Sleep Disturbance is Increased in Rheumatoid Arthritis
Sleep quality has a profound affect on pain perception and mood, and poor sleep itself may affect immune function by increasing allostatic load. All of these effects may relate to the RA disease process. However, little investigation into sleep disturbance has been undertaken in RA patients. Here, Wolfe et el investigate self-reported sleep disturbance in RA patients participating in the National Databank for Rheumatic Diseases (NDB).
Methods In 2002, subjects with RA and non-inflammatory disorders (except fibromyalgia) completed two self-reported sleep assessments, the Medical Outcome Study (MOS) sleep questionnaire and a visual analogue sleep disturbance scale (VAS SD), in addition to the annual RA disease related questionnaires completed as part of the NDB. The MOS sleep questionnaire is a 12 item questionnaire with items relating to quantity and quality of sleep, sleep habits, and waking and daytime symptoms for the past four weeks.
Results 8676 RA subjects were compared to 1364 non-RA subjects. RA subjects were predominantly White (92.7%) and female (77.4%) with a mean age of 61 years. The mean HAQ score was approximately 1.0.
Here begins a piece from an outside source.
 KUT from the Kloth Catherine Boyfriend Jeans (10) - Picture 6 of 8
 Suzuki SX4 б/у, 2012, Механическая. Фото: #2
Optimal sleep (7 to 8 hours) was found in 51.2% of RA patients. Compared to normalized values, a greater proportion of RA patients reported sleep problems. Increased sleep problems were also associated with the number of comorbid conditions and were more often reported in women than men, even though the number of hours of sleep did not differ by gender.
Compared to normalized values, an estimated 24 to 29% of the total sleep disturbance as measured by the MOS sleep questionnaire and 41.8% of the total sleep disturbance as measured by the VAS SD could be attributed to RA.
The degree of sleep disturbance correlated with RA disease related variables: HAQ, global severity, and pain. In hierarchical modeling, pain and depression accounted for most of the explainable variability in sleep disturbance. The reported use of TNF inhibitors was not associated with any significant difference in sleep disturbance or daytime sleepiness. No significant meaningful differences were found in sleep disturbance between RA subjects and those with non-inflammatory disorders (OA/back pain).
Conclusions Sleep disturbance is increased in RA patients, with 24 to 42% of reported sleep disturbance attributable to the RA disease process. Pain and depression are major contributors to sleep disturbance, with functional limitation as measures with the HAQ contributing little above these. TNF inhibitor use does not appear to be related to improvements in sleep disturbance. Patients with non-inflammatory musculoskeletal disorders experience similar levels of sleep disturbance as RA patients.
Editorial Comment Sleep has been understudied in RA, as links between inflammation and sleep patterns have been noted in the general population. In addition, poor sleep may serve to exaggerate pain symptomatology. This study adds some valuable new insights. Particular strengths are the large sample size and the comprehensive nature of the data collection. However, some important questions remain unanswered. Disease activity is estimated using subjective measures, and not with objective measures of joint swelling, tenderness, or systemic inflammatory markers. Without these, it is hard to reach definitive conclusions about the role of disease activity measures.
Recent small scale studies in patients without RA have demonstrated short term improvements in daytime sleepiness with the use of TNF inhibitors. While no differences in self-reported sleep outcomes according to TNF inhibitor use were found here, more definitive comparisons would require an objective measure, such as polysomnography. Hypercytokinemia associated with the systemic inflammatory response of RA may have central effects on the CNS that effect sleep. Thus, improvements in sleep may not be specific to TNF inhibitors, but related to generic improvements in systemic inflammation.